Time taken in seconds:  764.2967958450317


#### Evaluating tagging accuracy

In [45]:
check1 = [i for i, j in zip(tagged_seq1, test_run_base) if i == j] 

accuracy1 = len(check1)/len(tagged_seq1)

accuracy1

0.9523429710867398

### Compare the tagging accuracies of the modifications with the vanilla Viterbi algorithm

In [46]:
print("Accuracy with the plain viterbi algorithm: " , str(accuracy))

print("Accuracy with the plain enhanced viterbi algorithm: " , str(accuracy1))

Accuracy with the plain viterbi algorithm:  0.9423728813559322
Accuracy with the plain enhanced viterbi algorithm:  0.9523429710867398


In [47]:
if (accuracy1>accuracy):
    print("Modified version of viterbi algorithm is giving more accuracy than plain vanilla version")

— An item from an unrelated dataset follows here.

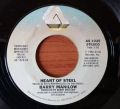 Barry Manilow-Memory / Heart Of Steel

Modified version of viterbi algorithm is giving more accuracy than plain vanilla version


### List down cases which were incorrectly tagged by original POS tagger and got corrected by your modifications

In [34]:

def executeViterbi(sentence):
    words = word_tokenize(sentence)
    start = time.time()
    tagged_seq = vannilla_viterbi_modified(words)
    end = time.time()
    difference = end-start
    print(tagged_seq)
    print(difference)

In [35]:
sentence1 ='Android has been the best-selling OS worldwide on smartphones since 2011 and on tablets since 2013.'
executeViterbi(sentence1)

[('Android', 'NOUN'), ('has', 'VERB'), ('been', 'VERB'), ('the', 'DET'), ('best-selling', 'ADJ'), ('OS', 'NOUN'), ('worldwide', 'NOUN'), ('on', 'ADP'), ('smartphones', 'NOUN'), ('since', 'ADP'), ('2011', 'NUM'), ('and', 'CONJ'), ('on', 'ADP'), ('tablets', 'NOUN'), ('since', 'ADP'), ('2013', 'NUM'), ('.', '.')]
2.2068560123443604


In [36]:
sentence2 = 'The 2018 FIFA World Cup is the 21st FIFA World Cup, an international football tournament contested once every four years.'
executeViterbi(sentence2)

[('The', 'DET'), ('2018', 'NUM'), ('FIFA', 'NOUN'), ('World', 'NOUN'), ('Cup', 'NOUN'), ('is', 'VERB'), ('the', 'DET'), ('21st', 'NOUN'), ('FIFA', 'NOUN'), ('World', 'NOUN'), ('Cup', 'NOUN'), (',', '.'), ('an', 'DET'), ('international', 'ADJ'), ('football', 'NOUN'), ('tournament', 'NOUN'), ('contested', 'VERB'), ('once', 'ADV'), ('every', 'DET'), ('four', 'NUM'), ('years', 'NOUN'), ('.', '.')]
3.0790328979492188


In [37]:
sentence3 = 'Google and Twitter made a deal in 2015 that gave Google access to Twitter\'s firehose.'
executeViterbi(sentence3)

[('Google', 'NOUN'), ('and', 'CONJ'), ('Twitter', 'NOUN'), ('made', 'VERB'), ('a', 'DET'), ('deal', 'NOUN'), ('in', 'ADP'), ('2015', 'NUM'), ('that', 'ADP'), ('gave', 'NOUN'), ('Google', 'NOUN'), ('access', 'NOUN'), ('to', 'PRT'), ('Twitter', 'NOUN'), ("'s", 'PRT'), ('firehose', 'NOUN'), ('.', '.')]
2.5166239738464355